Die ernüchternden Zahlen: Während im Studienjahr 2000/ 2001 521 promovierte Mediziner die Wiener Universität verließen, wurden in den Gemeinde-Wien-Spitälern lediglich 246 Ausbildungsplätze frei. In den Jahren davor war die Situation noch bedrückender: 763 beziehungsweise 674 Studienabgängern in den Jahren 1998/1999 und 1999/2000 standen 276 beziehungsweise 244 freie Turnusplätze gegenüber.

Reitinger: "Auch wenn das AKH und die Ordensspitäler die Situation ein wenig verbessern, so muss doch derzeit jeder Medizinpromovent in Wien mit einer zweieinhalbjährigen Wartezeit rechnen." Viele Promoventen müssten sich mit Gelegenheitsjobs oder schlecht bis gar nicht bezahlten Forschungsassistenzen begnügen. "Die Anzahl der Jobsuchenden übersteigt die Anzahl der vorhandenen Ausbildungsstellen längst", so Reitingers Resümee.

Zudem führe die generelle Ressourcenverknappung im Gesundheitssystem zu einer rigorosen Einschränkung der Möglichkeiten. Reitinger: "Die triste Ausbildungssituation wurde von der Ärztekammer immer wieder aufgezeigt, von den Verantwortlichen aber stets negiert." Dringend notwendige Maßnahmen seitens der politischen Entscheidungsträger seien daher aus populistischen Gründen bis dato ausgeblieben.

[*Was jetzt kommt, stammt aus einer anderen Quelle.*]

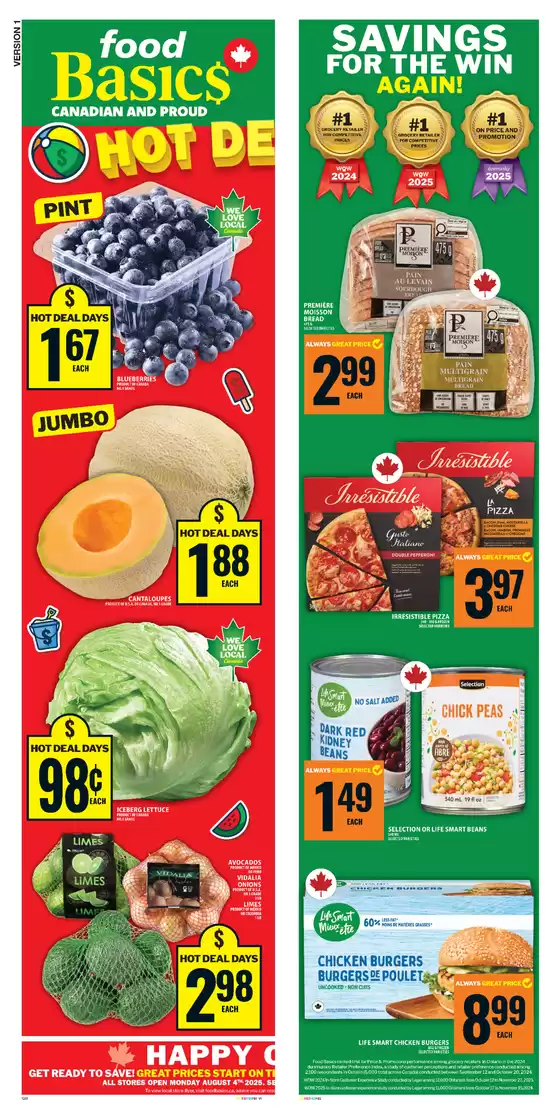 Current deals and offers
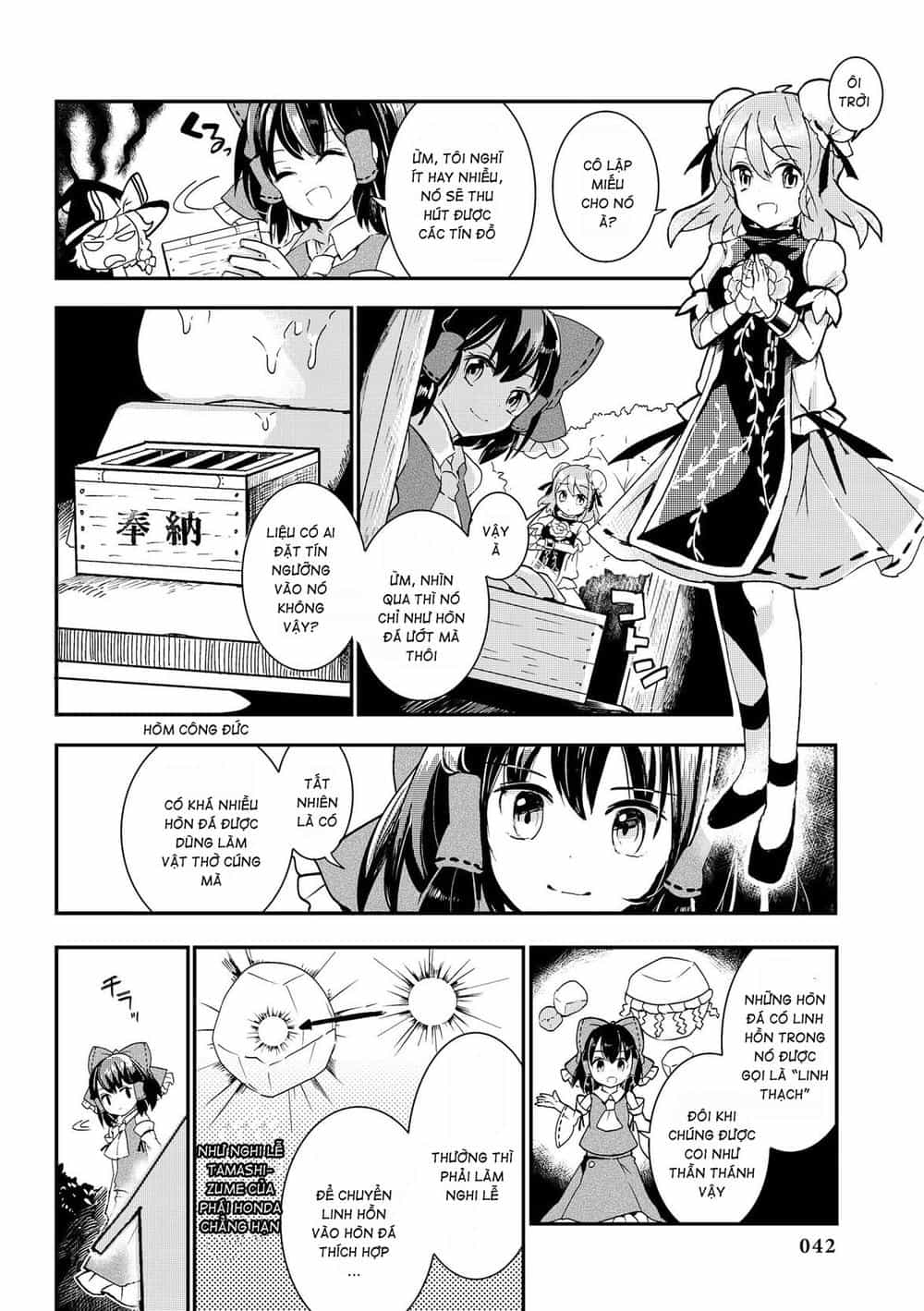 Touhou Ibaraki Kasen - Chương 17 - ảnh 12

Was Reitinger besonders stört: Viele Arbeitswillige bedeuten nach den Gesetzen des Marktes auch niedrige Löhne. "Das Anfangsgehalt eines Assistenzarztes im AKH beträgt zur Zeit 1017,42 Euro und soll, nach zähen Verhandlungen mit der Ärztekammer und Gewerkschaft, auf 1261 Euro angehoben werden." Die sei laut Reitinger "zwar ausverhandelt, aber noch lange nicht beschlossen". Reitinger befürchtet, dass es hier noch einige Probleme in der Realisierung geben könnte und dass viele gute, junge, motivierte Forscher das Land aus wirtschaftlichen Gründen verlassen werden.

Auch das neue Universitäts-Organisationsgesetz stelle für die in Ausbildung stehenden Ärztinnen und Ärzte sicher keine Verbesserung dar. Reitinger: "Wer immer aus vollstem Herzen Medizin studieren will, soll dies auch tun. Es muss nur klar sein, dass auf Medizinpromoventen aufgrund politischer Ignoranz eine lange Durststrecke wartet, die für viele zum Stolperstein für den ärztlichen Beruf werden kann."